One of the most striking properties of Nafion is the formation of a long-range solute exclusion zone (EZ) in contact with water. The mechanism of formation of this EZ has been the subject of a controversial and long-standing debate. Previous studies by Schurr et al. and Florea et al. root the explanation of this phenomenon in the ion-exchange properties of Nafion, which generates ion diffusion and ion gradients that drive the repulsion of solutes by diffusiophoresis. Here we have evaluated separately the electrophoretic and chemiphoretic contributions to multi-ionic diffusiophoresis using differently charged colloidal tracers as solutes to identify better their contribution in the EZ formation. Our experimental results, which are also supported by numerical simulations, show that the electric field, built up due to the unequal diffusion coefficients of the exchanged ions, is the dominant parameter behind such interfacial phenomenon in the presence of alkali metal chlorides.
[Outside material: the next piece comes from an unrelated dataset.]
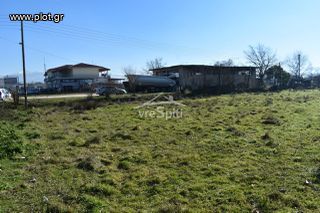 Αγροτεμάχια 4.600 τ.μ. για πώληση, Ν. Ιωαννίνων, Ιωάννινα-thumb-5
The EZ formation depends on the interplay of the electric field with the zeta potential of the solute and can be additionally modulated by changing ion diffusion coefficients or adding salts. As a consequence, we show that not all solutes can be expelled from the Nafion interface and hence the EZ is not always formed. This study thus provides a more detailed description of the origin and dynamics of this phenomenon and opens the door to the rational use of this active interface for many potential applications. The Nafion exclusion zone formation has been investigated by evaluating experimentally and with simulations the electrophoretic and chemiphoretic contributions of multi-ionic diffusiophoresis.